Fiapos de manga do vale irrigado se metiam à besta, se embocando entre dentes.
Aja palito de lascas de capim pra socar entre um e outro, e tirar o cabelo pelo da manga espada, coquinho. Manga rosa, bem vinda era a popa. 
A menina Rosa fazia um bem dos diabos, alimentava a fantasia, aquecia a energia da juventude espoleta procurando se aventurar em busca dos primeiros amassos, depois de experimentar os iniciais goles de cana pitu nas beiras dos canais de irrigação, embaixo das moitas de avelozes.
Suco adocicado de manga chupada com prazer de olhar perspicaz na próxima, não exprimia careta. Da Rosa o riso tímido alimentava moleque, seu beijo dava efeito de acelerar o coração. Lembra o menino arteiro de quando moleques de cócoras, esperava vento no galho que a manga derrubasse, enquanto o outro o galho balançava, sonhando com a presença de Rosa alargando o sorriso o convidando pra se encontrarem  na praça, bem longe de olhares guardiães e da TV que mais chiava que falava, bem mais chuviscava que mostrava imagens definida.
Enfeitava a vida de fartura nas safras as frondosas árvores.
Enfeitava a alegria a Rosa rebolando com trouxa de panos para lavagem na cabeça, com a mãe à frente gritando. “Rosa, peste de minina, anda adespressa, tá ficando muito pra trás, é tarde!”
Passarinhos vigilantes cuidavam das frutas para bicar e papo encher, com elas ainda sem por toda amadurecer.
Meninos parrudos cuidavam da Rosa em formação para beliscar atenção pra pensamentos sobre amor e sexo nas macegas.
Era bom, lembra o moleque!
Disputava com quem tinha mais fome de amor e comida como os homens já crescidos.
Das pinhas e graviolas se comia até o caroço, por ser alongado pequeno e não roliço nem grosso, deslizava fácil pela garganta e não entupiam como as goiabas.
Amadureciam por debaixo de capim amontoado, frutas como abacate, pinha, graviola. Frutas esquentavam a polpa no calor, amoleciam mais cedo pra festejo de menino que tinha pressa para a fome matar.
Apetite de moleque em crescimento, não esperava tempo aberto fazer amolecer a polpa inteira de frutas do  viveiro de experimento agrícola, como os cajus, abacates, seriguelas, cajaranas, cajás e  umbus.

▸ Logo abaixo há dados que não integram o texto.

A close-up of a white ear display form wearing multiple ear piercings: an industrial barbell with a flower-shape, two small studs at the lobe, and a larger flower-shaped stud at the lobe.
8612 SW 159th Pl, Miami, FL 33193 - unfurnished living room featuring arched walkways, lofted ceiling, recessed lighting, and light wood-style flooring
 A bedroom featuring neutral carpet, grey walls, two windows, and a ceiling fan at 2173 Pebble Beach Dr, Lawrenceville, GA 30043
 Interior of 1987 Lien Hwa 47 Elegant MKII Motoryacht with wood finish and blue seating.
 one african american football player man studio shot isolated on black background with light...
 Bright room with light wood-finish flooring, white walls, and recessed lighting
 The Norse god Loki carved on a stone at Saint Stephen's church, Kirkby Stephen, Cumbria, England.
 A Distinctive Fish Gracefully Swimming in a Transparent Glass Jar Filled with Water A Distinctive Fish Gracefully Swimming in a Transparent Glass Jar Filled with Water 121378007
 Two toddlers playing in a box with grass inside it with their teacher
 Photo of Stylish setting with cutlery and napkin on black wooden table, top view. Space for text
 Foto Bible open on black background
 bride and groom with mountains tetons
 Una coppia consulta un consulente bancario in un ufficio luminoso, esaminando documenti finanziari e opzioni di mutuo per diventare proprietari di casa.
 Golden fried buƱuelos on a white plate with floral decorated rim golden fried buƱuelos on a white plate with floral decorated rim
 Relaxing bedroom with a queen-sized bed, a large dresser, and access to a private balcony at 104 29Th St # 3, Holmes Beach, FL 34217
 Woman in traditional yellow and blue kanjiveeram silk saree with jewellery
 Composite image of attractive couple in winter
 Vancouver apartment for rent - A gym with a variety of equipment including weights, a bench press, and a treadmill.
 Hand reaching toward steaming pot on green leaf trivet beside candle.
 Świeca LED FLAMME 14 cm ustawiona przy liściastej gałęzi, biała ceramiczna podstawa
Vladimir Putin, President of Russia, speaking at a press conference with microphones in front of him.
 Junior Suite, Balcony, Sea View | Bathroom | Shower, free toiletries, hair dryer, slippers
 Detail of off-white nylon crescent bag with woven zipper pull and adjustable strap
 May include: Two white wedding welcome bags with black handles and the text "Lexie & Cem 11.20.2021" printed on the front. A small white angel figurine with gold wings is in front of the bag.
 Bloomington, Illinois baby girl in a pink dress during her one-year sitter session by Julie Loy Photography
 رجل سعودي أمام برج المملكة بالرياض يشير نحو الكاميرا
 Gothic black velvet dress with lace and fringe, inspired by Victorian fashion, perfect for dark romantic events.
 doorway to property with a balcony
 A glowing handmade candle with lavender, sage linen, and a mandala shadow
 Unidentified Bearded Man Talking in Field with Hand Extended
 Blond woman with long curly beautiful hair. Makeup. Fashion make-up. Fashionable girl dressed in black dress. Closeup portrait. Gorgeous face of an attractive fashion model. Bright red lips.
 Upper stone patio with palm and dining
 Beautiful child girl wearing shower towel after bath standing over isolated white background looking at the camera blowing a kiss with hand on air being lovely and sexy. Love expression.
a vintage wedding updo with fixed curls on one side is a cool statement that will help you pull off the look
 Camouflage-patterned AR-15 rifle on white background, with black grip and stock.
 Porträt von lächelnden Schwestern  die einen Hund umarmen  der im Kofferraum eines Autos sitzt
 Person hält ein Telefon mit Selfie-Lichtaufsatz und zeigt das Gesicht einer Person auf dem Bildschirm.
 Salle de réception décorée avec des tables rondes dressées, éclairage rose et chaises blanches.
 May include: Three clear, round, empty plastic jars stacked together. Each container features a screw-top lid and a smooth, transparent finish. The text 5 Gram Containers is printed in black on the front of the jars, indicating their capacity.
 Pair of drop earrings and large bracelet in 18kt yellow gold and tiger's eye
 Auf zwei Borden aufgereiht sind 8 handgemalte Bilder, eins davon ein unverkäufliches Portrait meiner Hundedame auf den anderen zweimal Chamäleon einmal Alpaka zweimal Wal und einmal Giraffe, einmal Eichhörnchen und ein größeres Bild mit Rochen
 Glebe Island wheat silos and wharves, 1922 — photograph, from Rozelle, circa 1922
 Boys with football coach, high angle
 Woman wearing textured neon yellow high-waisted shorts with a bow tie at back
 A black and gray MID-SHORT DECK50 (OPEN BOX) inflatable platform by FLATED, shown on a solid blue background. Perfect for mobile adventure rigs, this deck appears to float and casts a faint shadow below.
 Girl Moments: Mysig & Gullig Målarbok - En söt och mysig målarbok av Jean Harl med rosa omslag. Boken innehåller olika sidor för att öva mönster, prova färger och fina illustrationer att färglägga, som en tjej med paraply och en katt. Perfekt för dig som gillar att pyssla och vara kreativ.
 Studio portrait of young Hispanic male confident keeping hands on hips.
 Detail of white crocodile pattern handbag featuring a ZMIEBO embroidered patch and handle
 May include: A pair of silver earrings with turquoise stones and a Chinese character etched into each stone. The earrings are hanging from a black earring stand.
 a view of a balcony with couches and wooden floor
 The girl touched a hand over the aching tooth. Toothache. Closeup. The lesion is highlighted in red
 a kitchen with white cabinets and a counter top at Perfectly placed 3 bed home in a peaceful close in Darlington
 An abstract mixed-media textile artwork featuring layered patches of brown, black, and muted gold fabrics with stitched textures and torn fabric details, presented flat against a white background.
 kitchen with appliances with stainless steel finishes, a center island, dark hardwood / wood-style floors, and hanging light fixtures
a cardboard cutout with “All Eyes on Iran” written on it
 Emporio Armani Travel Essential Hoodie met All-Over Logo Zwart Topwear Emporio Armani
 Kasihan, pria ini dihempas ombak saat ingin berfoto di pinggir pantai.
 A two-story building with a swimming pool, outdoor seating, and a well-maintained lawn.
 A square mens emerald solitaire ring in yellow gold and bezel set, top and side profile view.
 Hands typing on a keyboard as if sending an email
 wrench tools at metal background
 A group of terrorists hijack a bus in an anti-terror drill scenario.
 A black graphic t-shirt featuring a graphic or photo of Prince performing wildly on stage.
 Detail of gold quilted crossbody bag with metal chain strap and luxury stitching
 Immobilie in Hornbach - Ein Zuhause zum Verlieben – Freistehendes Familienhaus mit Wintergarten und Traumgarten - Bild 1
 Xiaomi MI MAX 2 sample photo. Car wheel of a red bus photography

Tangerinas eram furtadas por bandos de moleques, em sítio afastado dos guardas do perímetro, sempre salientes no experimento de entregar os moleques pra família dar um corretivo de cipó de marmeleiro, quando o pai não tinha verba pra retirar o cinto do cós da calça.
Se demorasse derrubar do galho curvado pelo peso da boa produção, espertos com mais força na fome e na envergadura, chegavam pra comer fruta primeiro que menino arteiro.
Lembra dos canais de irrigação que nos invernos deixavam de produzir lágrimas nos agricultores e saíam abundantes despejando fertilidade nos campos sertanejos formados por várzeas de terra fértil.
Enfiava gosto pular de ponta de ponte de tábua, dando cabeçada  n’água em correnteza, com certeza. Diversão danada de boa sair nadando debruçado arrastado pela correnteza do rio temporão, flutuando deitado em pau de bananeira,  bóia de câmera de caminhão, vigilante no céu alumiado de calor feito braseiro do Senhor, levado mais adiante de encontro aos braços do guarda-civil  Bico-de-Aço.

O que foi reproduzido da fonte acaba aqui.